▸ **Work required**
Extract the stretch of lines that starts at the line with "COPY - Silver Love Necklace - Picture 4 of 4" and ends at the last line of the data below. Give it exactly, without pictures.

▸ **Data for this task**

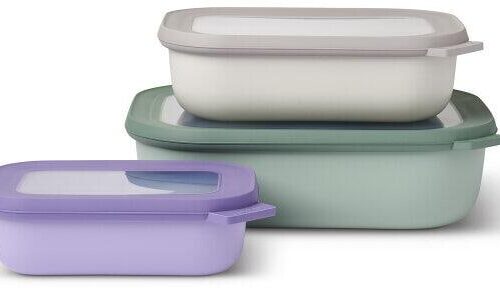 Mepal Promotion-Set Cirqula rechteckig flach, 3-teilig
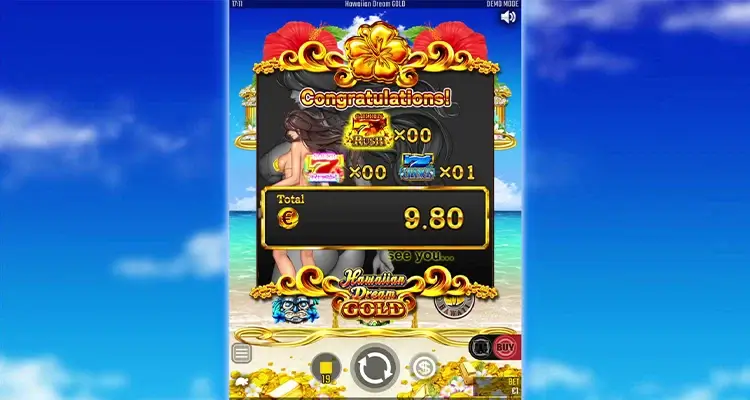 ボーナスの続きから始まる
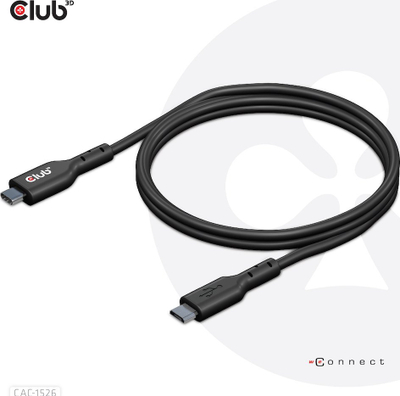 Kabllo USB Club 3D USB-C - microUSB, 1m, e zezë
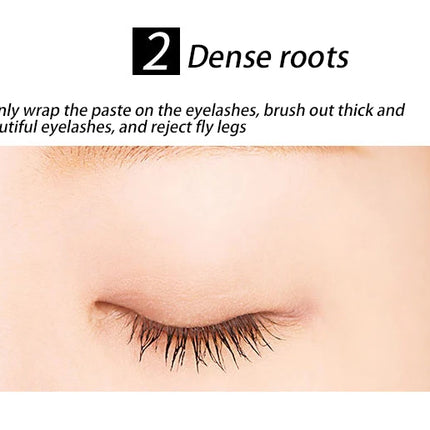 1 pcs 4D Silk Fiber Eyelash Lengthening Mascara Waterproof Long Lasting Eyelashes Black Eyelash Extension Makeup 3D Mascara Cos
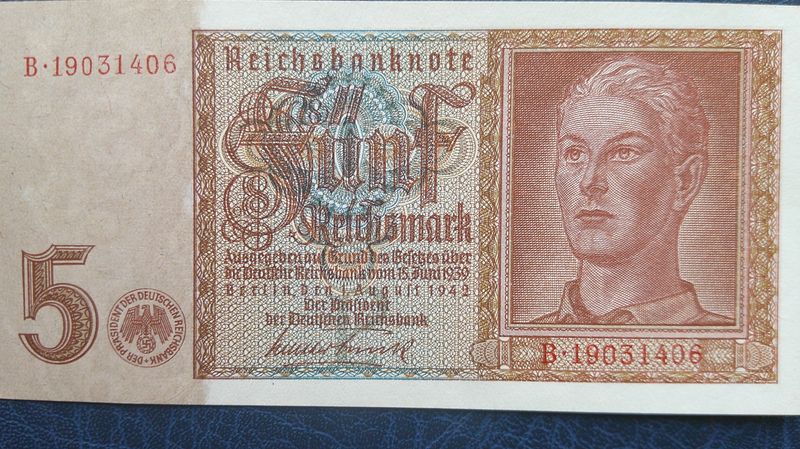 Germany 5 Marks - 1942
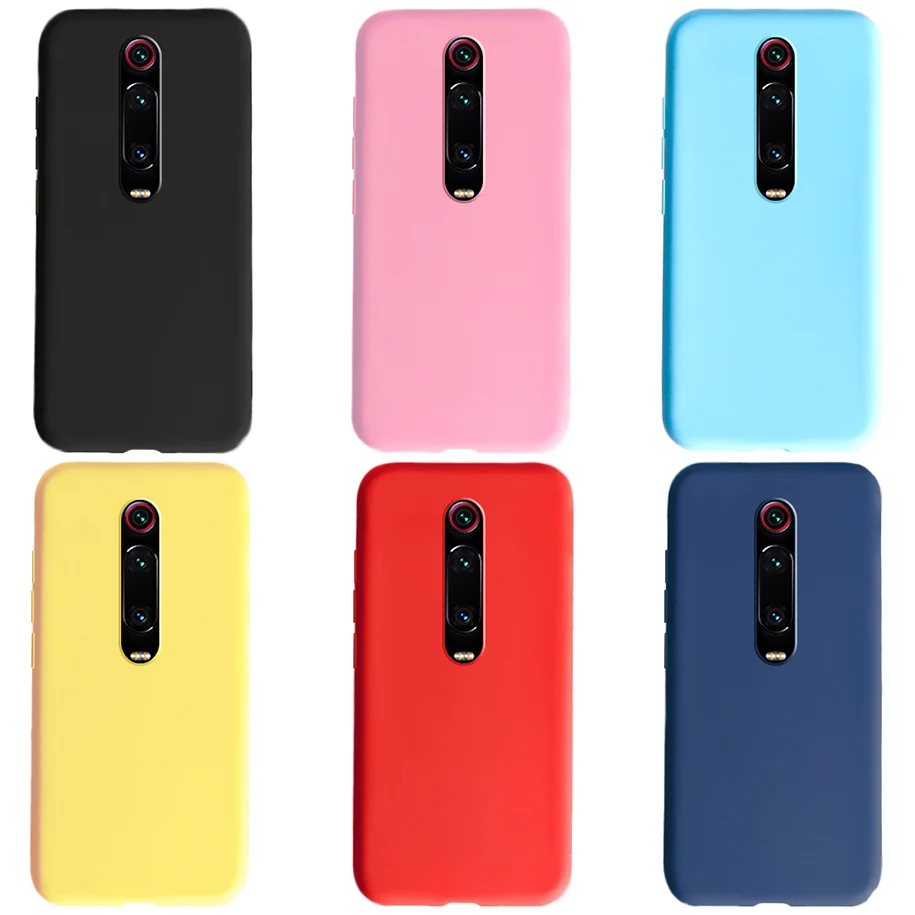 

Soft Case For Xiaomi Mi 9T 9T Pro Case Slim Matte Plain Candy Color Silicone Back Cover For Xiaomi Redmi K20 K20 Pro Coque Funda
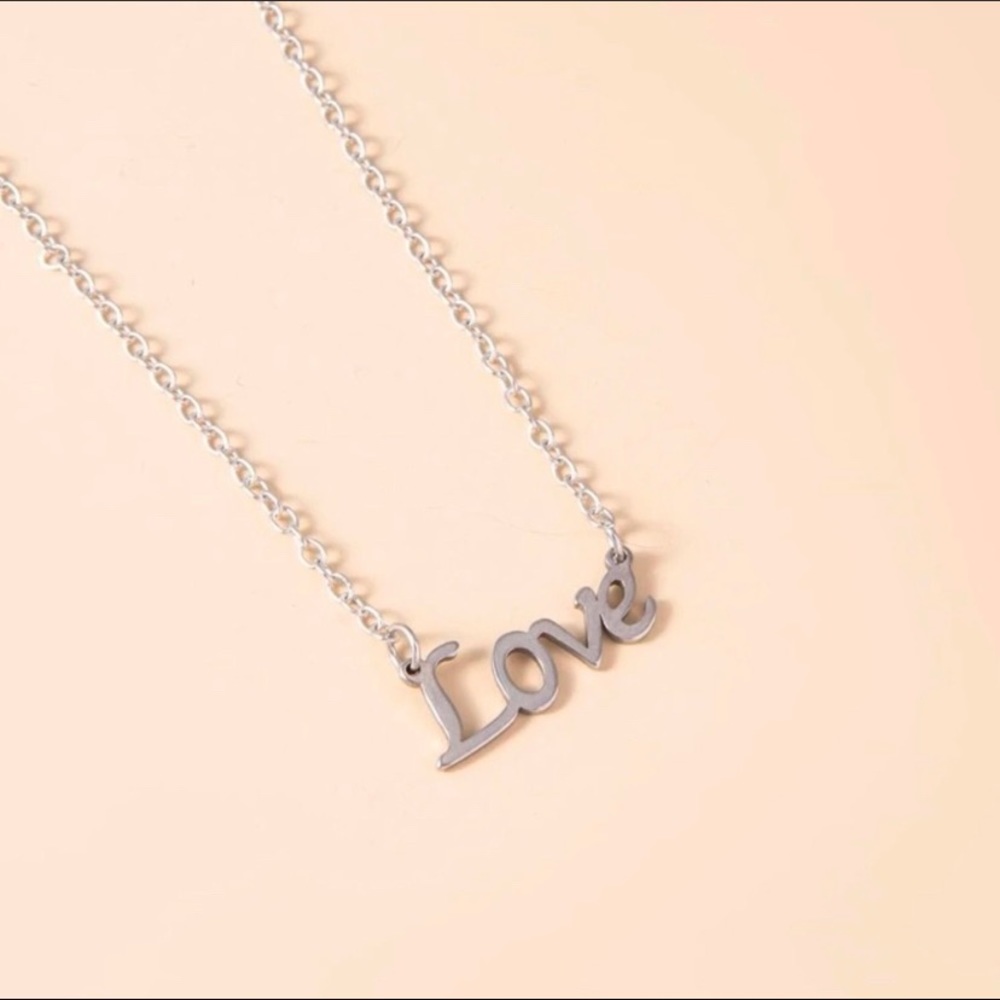 COPY - Silver Love Necklace - Picture 4 of 4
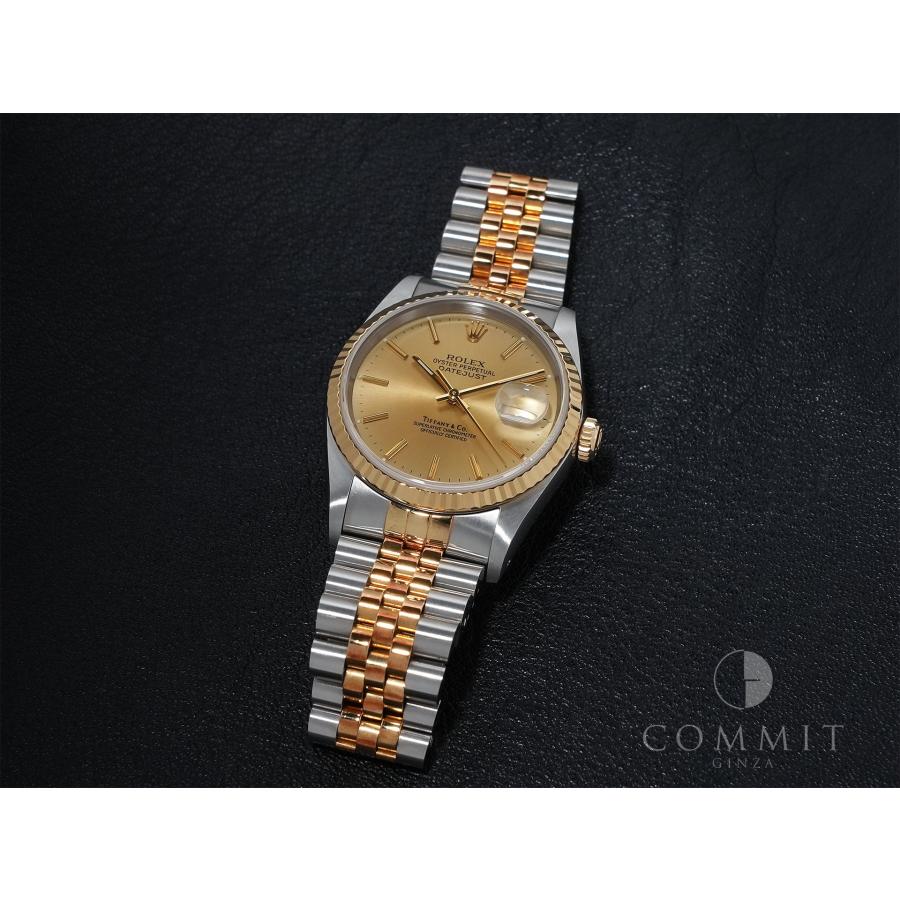 ロレックス デイトジャスト36 TIFFANY Wネーム Ref.16233 ステンレススチール/イエローゴールド シャンパン文字盤 | デイトジャスト | 11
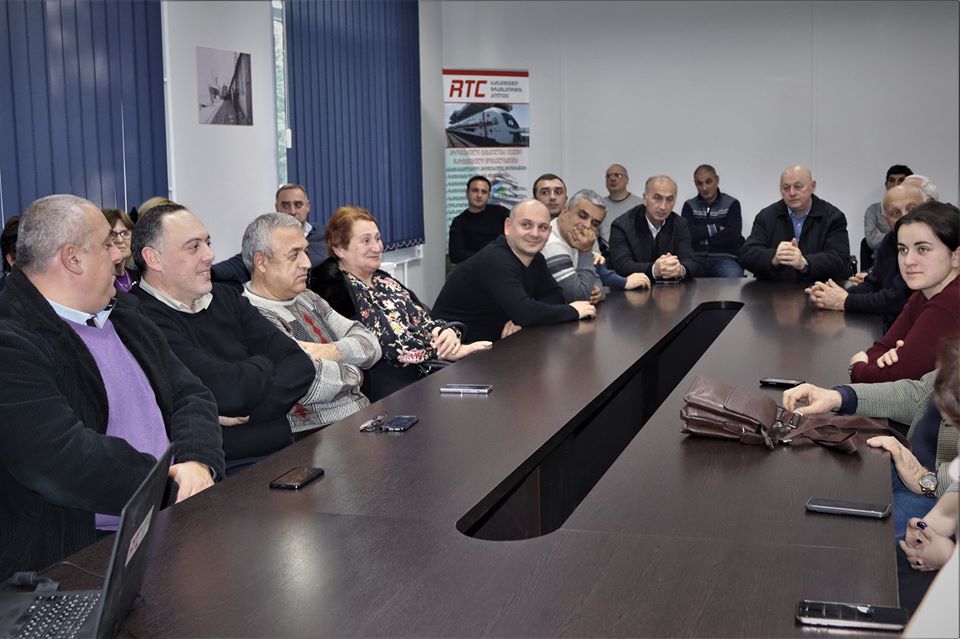 2019 წლის 27 დეკემბერს ა(ა)იპ სარკინიგზო ტრანსპორტის კოლეჯში ჩატარდა წლის მიღწევებისა და მომავალი წლის გეგმების პრეზენტაცია.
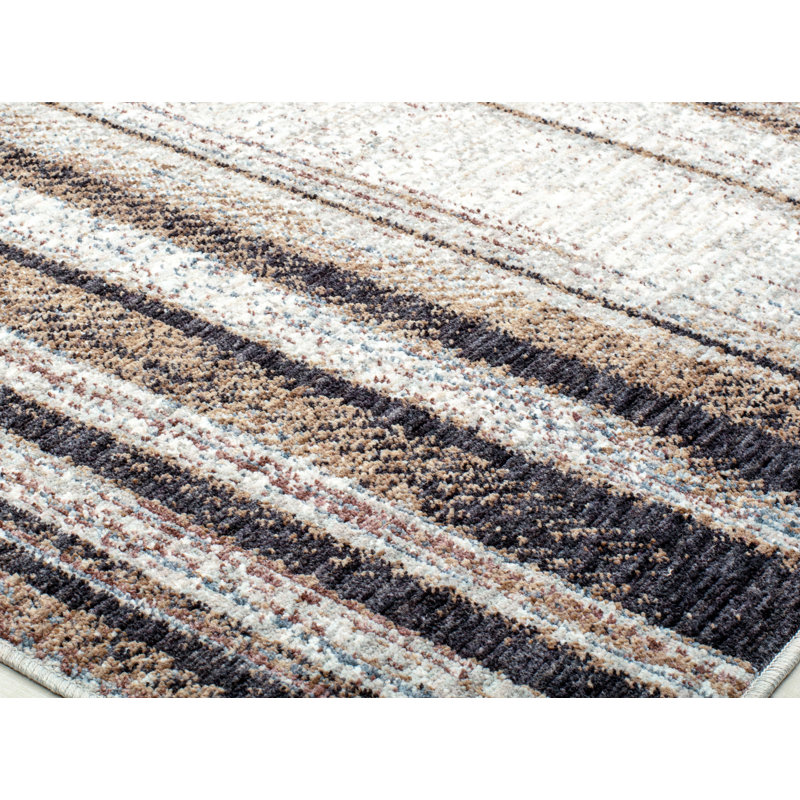 Celestia Contemporary Gazey grey Area Rug, Rectangle 2'6" x 4'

▸ **Expected answer**
 COPY - Silver Love Necklace - Picture 4 of 4
 ロレックス デイトジャスト36 TIFFANY Wネーム Ref.16233 ステンレススチール/イエローゴールド シャンパン文字盤 | デイトジャスト | 11
 2019 წლის 27 დეკემბერს ა(ა)იპ სარკინიგზო ტრანსპორტის კოლეჯში ჩატარდა წლის მიღწევებისა და მომავალი წლის გეგმების პრეზენტაცია.
 Celestia Contemporary Gazey grey Area Rug, Rectangle 2'6" x 4'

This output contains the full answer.